# What to work on:
Only one stretch of the material below is wanted: everything from the line containing "Western Blotting (WB)" down to the line containing "ALL_catalog_plasticsurgery_25L30_KfYOLqo1MH", both ends included. Repeat it exactly and skip the pictures.

# Given entries:
----

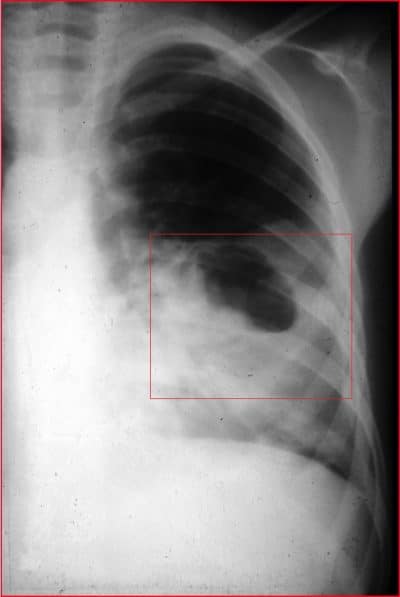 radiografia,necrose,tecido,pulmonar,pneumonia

----

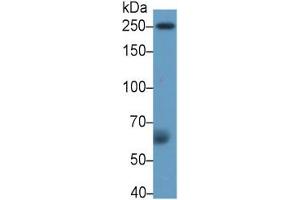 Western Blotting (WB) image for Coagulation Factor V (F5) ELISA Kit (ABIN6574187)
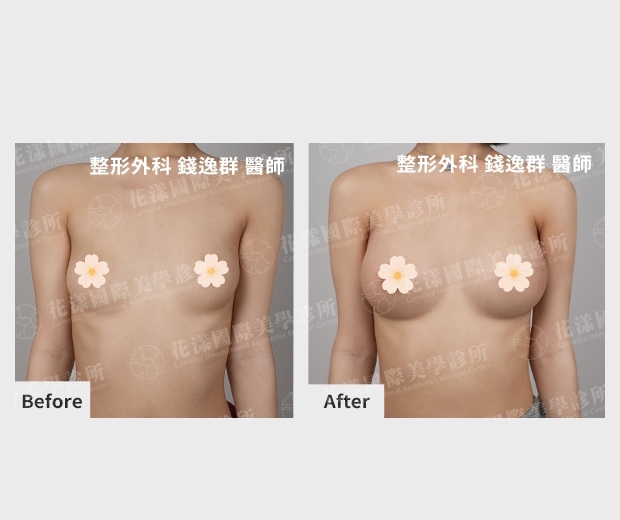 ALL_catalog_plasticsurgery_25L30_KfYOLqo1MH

----

# Exercise output:
 Western Blotting (WB) image for Coagulation Factor V (F5) ELISA Kit (ABIN6574187)
 ALL_catalog_plasticsurgery_25L30_KfYOLqo1MH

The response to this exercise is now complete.